Changing the subject some, I would like to make some comments about some other concepts: I do not believe that are real "pull" forces in the universe. I think that the many, many instances of what seems to be pulling forces, in this universe, are really due to "pushing" actions. We simply can not "see" the ultra small masses which are doing the "pushing". I also do not believe in the "dogma" of "attractive" "action at a distance". Neither the "concept" of "action at a distance" nor even "attractive" forces seem "intuitive" to me. A few great modern scientists (such as Linus Pauling) have written "against" the "dogma" of "action at a distance." But it is not clear to me if they are also "uncomfortable" with the "concept of "pull" forces as well, probably not.
It is likely that some other scientists in history eventually began
to question the dogma of "action at a distance", but not in
time to express any doubts in their major works, in many cases.
What follows, now, is an extremely speculative discussion of the "incompressibility" of mass and related issues. It may lack relevance, be too "far out", and may not justify the readers' time:
We might "imagine" six "wedges" of "pure mass" "flying" through "pure, empty" space toward a point where they all collide, and then rebounding back toward where they came from, with the same energy and opposite velocities. This would not violate the "Law" that the product of (force x time) equals the change in momentum. It would, however, bother me that there may be an instant, however "short", where the "pure mass" is subject to "near" infinite force and pressure. ((Of course, one can avoid thinking about it by "imagining" pure mass as having a limited, slight degree of compressibility, "beyond" which it "holds firm" without further "compromise." This, however, regardless of its other merits, would tend to "violate" my "concept" of "the incompressibility of pure mass", (as if my feelings mattered). Yet, without compressibility of mass, one would seem to be left with the uncomfortable notion of such mass subjected to infinite force and pressure, for an instant.)) One of perhaps several "ways" out of this "dilemma", may be as follows: We are familiar with the concept of "centrifugal" force, and the high, but not infinite, forces applied to high speed objects "whipped" 90 deg. or 180 deg. around a very sharp, but not zero radius, turn. Perhaps, in this universe, "pure" mass does not "collide" in a "perfectly" hard way, but is rather "whipped" around such ultra small radii. Perhaps a "De Broglie wave" and/or Planck's constant (with "dimensions" of angular momentum) relates to this. Consider the possible fact that particles don't seem to have hard, well defined surfaces, but matter may tend to extend out into space from particles, yet it perhaps tends to be associated with such particles. Perhaps this tends to "assist" the more compact particles, or mass accumulations, so that they avoid "hard, pure" collisions with one another. (Electrons are supposed to be "attracted" to protons, yet seldom collide with them.)
Addendum 1 (9-30-2001):
Addendum 1.1 (1-20-2005): There was one other very remarkable theory developed by some Greek Atomists. I will briefly describe it below, even though it seems to have been developed by “Epicurus”, rather than Democritus and Leucippus; and even though it is not perfectly correct and has been modified somewhat in recent times.Epicurus’ belief seems to have been this: Vast numbers of atoms make up the things, say, that we handle; and since there is mostly empty space between these atoms, the atoms are free to move faster than anything else in the universe. And that, therefore, in fact, they do! (That speculation seems amazing to me, since the Greeks could not see individual atoms; and what they handled must have seemed rather unmoving and calm!)

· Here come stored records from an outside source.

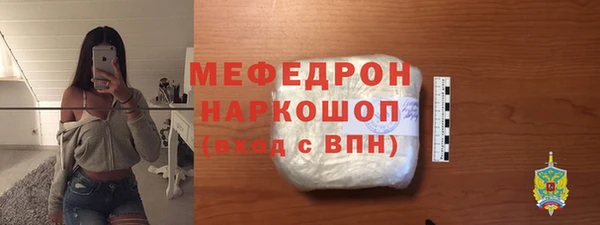 амфетамин Белокуриха
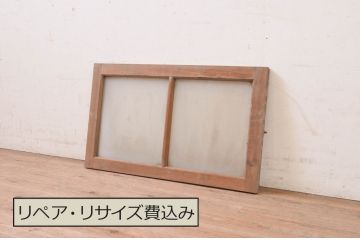 アンティーク建具　どこか懐かしい雰囲気を醸し出す明かり取り1枚(ガラス欄間、明り取り、FIX窓、フィックス、ガラス窓、嵌め殺し)(R-071560)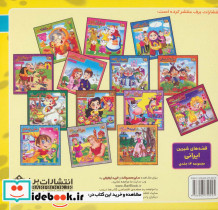 افسانه های ملل12 - تصویر 2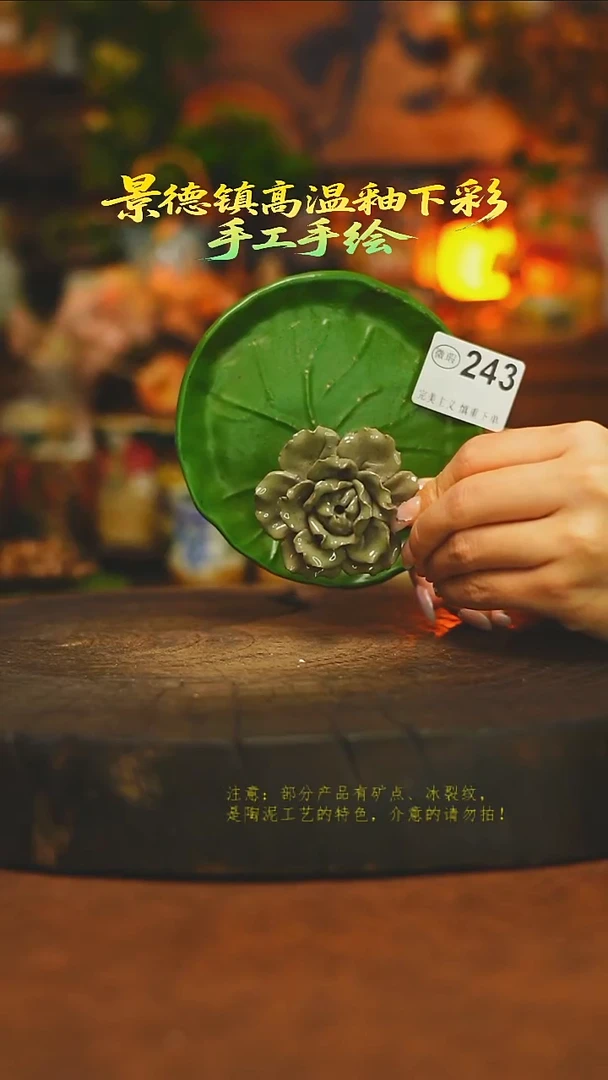 素简暖陶集手作243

In fact, most scientists today think that most atoms or molecules do spin at (or near) the speed of light! Or, together with other vibrations, are in motions at very high velocities. Even if we suppose that such speeds are somewhat less than the velocity of light, and that Epicurus was not quite right; he was still remarkably close! And there is the natural implication, from his work--that his atoms would have each had an energy of almost mc2 , in magnitude! (Epicurus even believed in a partial “indeterminacy” of atomic movement, a kind of Heisenberg “free will”; somewhat like the “uncertainty principle” of modern physics. Although neither Einstein nor I agree with that, it still is incorporated into modern physics.)Addendum 1.2 (1-20-2005): Todd Kelso wrote many articles, and some of them pertain to the Greek schools of thought: (Ref. http://home.att.net/~zei/TMKelso/index.htm Copyright 2004 Estate of Todd Matthews Kelso.)

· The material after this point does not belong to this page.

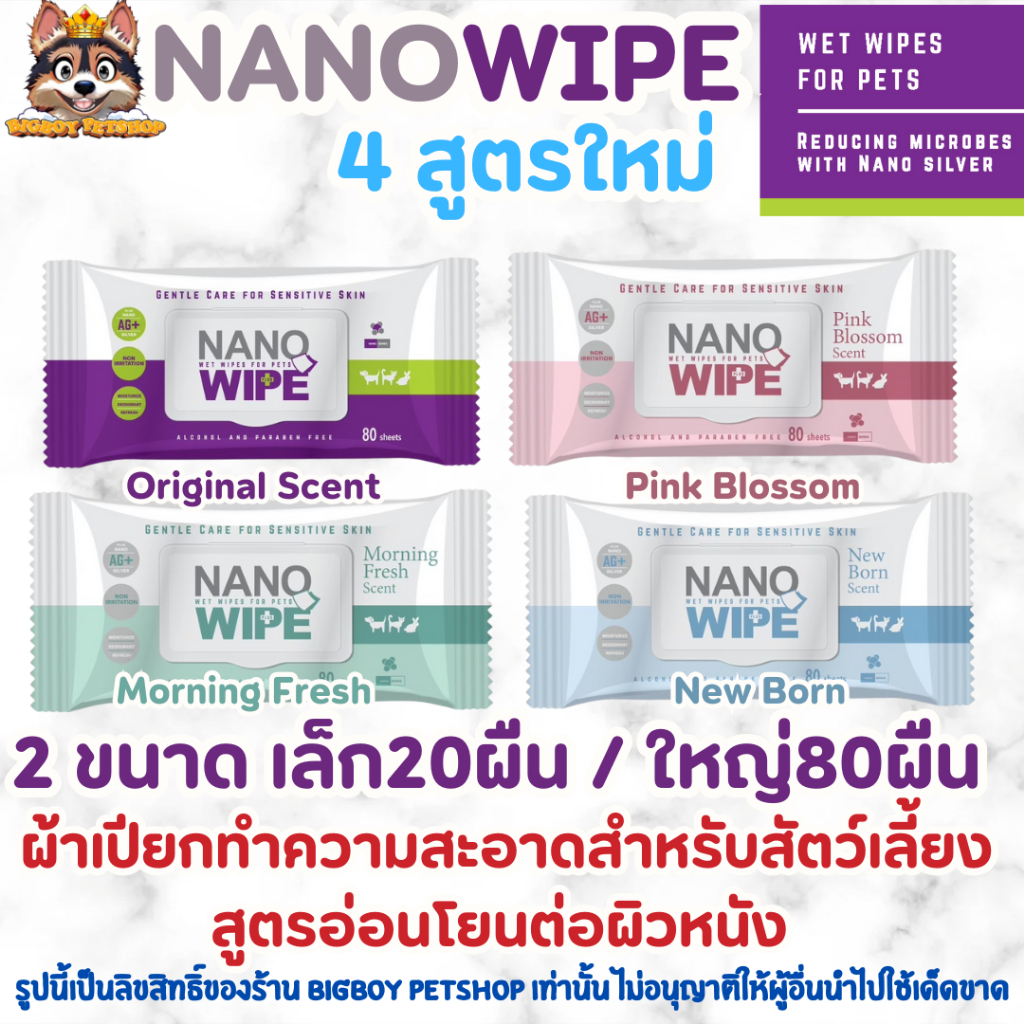 Nano Wipe บรรจุ 20 และ 80 ผืน ผ้าเปียก ทำความสะอาด สัตว์เลี้ยง แมว สุนัข ชูก้า หนูแฮม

In my opinion, Todd Kelso was a master of logic and extremely knowledgeable. I agree with most of his writings on most topics. But in some instances; my emphasis or opinion is different--and I reiterate the following: I believe that there is no “absolutely” indestructible basic, small, building block in the universe--that is, in the exact sense of what the Greek “Atomists” contemplated, when they coined the word “Atom”. But instead, I believe that there is a statistically average, i.e. a very likely “aether” condition in space--that causes certain particles (electrons and proton) to be extremely stable. But there are still occasional great (statistical) aether fluctuations (together with rare and extreme particle velocities or conditions nearby). This can alter even a very “stable” particle’s stability, at least momentarily!

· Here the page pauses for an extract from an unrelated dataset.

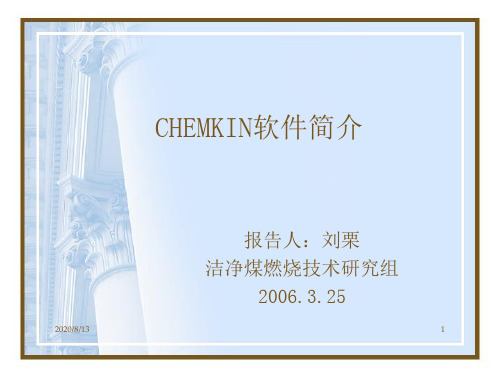 CHEMKIN简介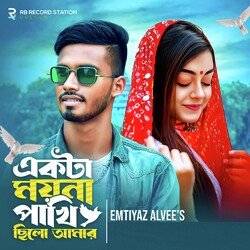 Ekta Moyna Pakhi Chilo Amar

Addendum 2 (Optional and rather lengthy) 9-15-2003:
Examples of Greek Philosophers-Scientists--from the various parts of Greater Greece, are:
From the island of Samos, (180 miles east of Athens and almost touching Turkey)—Aristarchus, Pythagoras, Epicurus; (Pythagoras finally settled in Crotona, a town on the east coast of southern Italy, a.k.a. Croton, Cotrone, and now Crotone).
From Miletus (an ancient seaport on the West Coast of Turkey, near the island of Samos)—Thales, Anaximenes, Anaximander. From other towns in Turkey, (on or near the Turkish West Coast) came Heraclitus, Anaxagoras, Eudoxus, Strato.
From Abdera, a.k.a. “Avdira”, (near the northeastern coast of Greece, below what is now Bulgaria)—Leucippus, Democritus, Protagoras. (Most Greeks considered people from Abdera to be stupid).
From Elea (on the western coast of southern Italy)--Zeno, Parmenides, ((These philosophers, like quite a few others, visited Athens, on occasion--either to teach there, or to learn from there. (Of course, the famous Socrates and Plato were from Athens).))
From the large island of Sicily: (from Syracuse, Sicily)--Archimedes; and ((from Agrigentum (now Agrigento), Sicily))—Empedolcles.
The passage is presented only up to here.